Attention is a computing mechanism to **summarize semantic similarities** by performing dot-product on query-key pairs and return a weighted matrix.

#### Why we need attention?

In tasks like natural language processing and sequence modeling, the input is often a *variable-length sequence*, such as text, audio, or video frames. Traditional RNN methods (like LSTM, GRU) face *vanishing gradients* or *exploding gradients* when processing long sequences. Also, due to the intrinsic limitations of the recurrent structure, the model struggles to flexibly establish direct and controllable dependencies between different positions, resulting loss of detail for long sequence.

The introduction of the Attention mechanism is mainly driven by the idea that the model, when processing the current time step (or current word), should be able to *adaptively* "attend" to more important parts of the input sequence and ignore less relevant ones. It does so by explicitly computing the relevance (semantic similarity) between positions, using which to assign weights and extract contextual information.

In applications like machine translation, text summarization, and reading comprehension, the need for information from different positions in the input sequence varies at each time step. The Attention mechanism allows the model to dynamically assign “attention weights,” so that a word being generated can emphasize semantically relevant parts of the input. Compared to pure RNN/CNN models, this mechanism performs significantly better in capturing long-range dependencies.
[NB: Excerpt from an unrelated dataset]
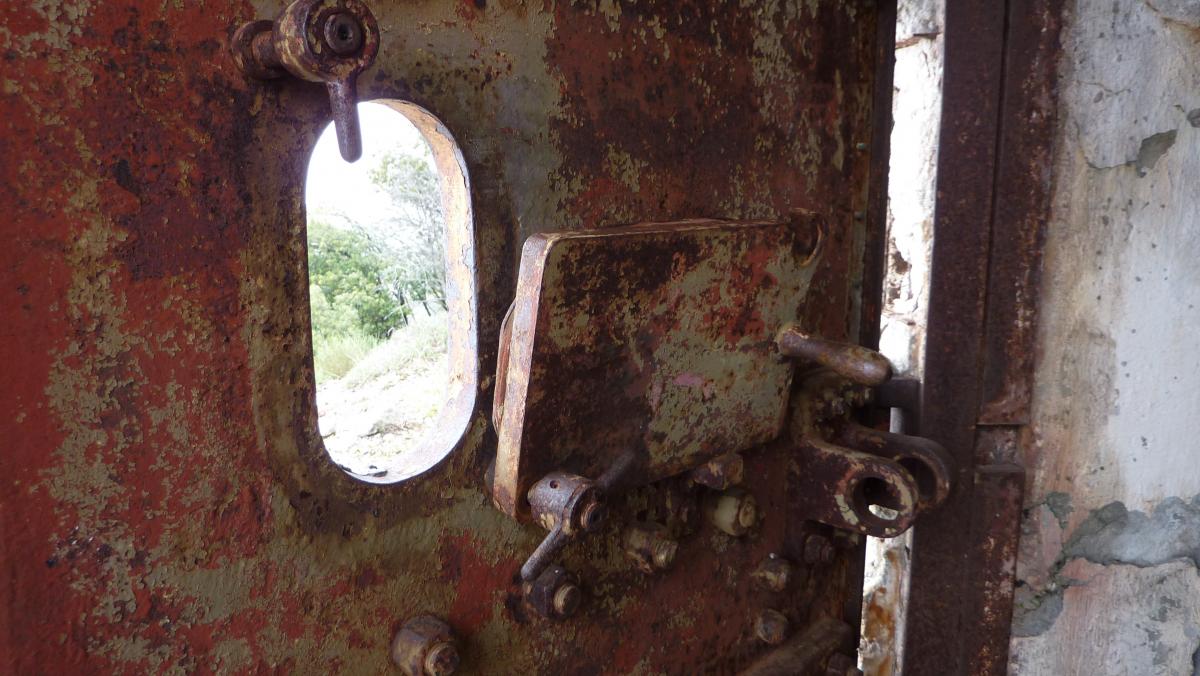 Ligne Maginot - Observatoire du PIC de GARUCHE - Détails de la porte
#### Computation steps for Scaled dot-product attention

This is the version used in [transformer paper](https://www.arxiv.org/abs/1706.03762).

1. Get `Q,K,V`
    - `Q` stands for query, it could be the hidden representation of input sequence at certain position, depending on the task and the module.
    - `K` stands for key, usually vectors generated from *reference sequence* (same=self-attention, different=cross-attention).
    - `V` stands for value, corresponding to `K`, the value vector of each position, representing information sending to query.

2. Compute attention score

Scaled dot-product from transformer $$\text{score}(Q,K_i)=\frac{Q\cdot K_i}{\sqrt{d_k}}$$

The scaling factor $\frac{1}{\sqrt{d_k}}$ is used for preventing too large dot-product, mitigating potential gradient issue.

3. Compute attention weight

Perform a `softmax` on the scores, representing the weights (*extent of attention*) assigned to different position at reference sequence (K). $\alpha_i= \text{softmax}(score(Q,K))$

4. Sum up

$$\text{Attention}(Q,K,V) = \sum_i \alpha_i \cdot V_i$$

This output vector represents the **contextual representation** of a sequence. Simplifing further we can get the paper's representation:

$$\text{Attention}(Q,K,V) = \text{softmax}\left(\frac{QK^T}{\sqrt{d_k}}\right)V

#### Self-Attention vs. Cross-Attention

For self-attention:
- Secnario: Used to model the dependencies between different positions **within the same sequence**
- Example: In a Transformer Encoder/Decoder, applying Q,K,V on the same sequence is self-attention.
- Advantage: allows the network to directly model interactions between **any two positions** in the sequence, without relying on step-by-step propagation like in recurrent structures.

For cross-attention:
- Secnario: In tasks like translation, decoder need to look up or align with encoder's output sequence. Therefore the decoder's current hidden state is used as `Q`, and the encoder's output is used as `K` and `V`.
- Reason: allows the decoder to **look across sequences** to find the most relevant position in the source sentence representation when generating the next word.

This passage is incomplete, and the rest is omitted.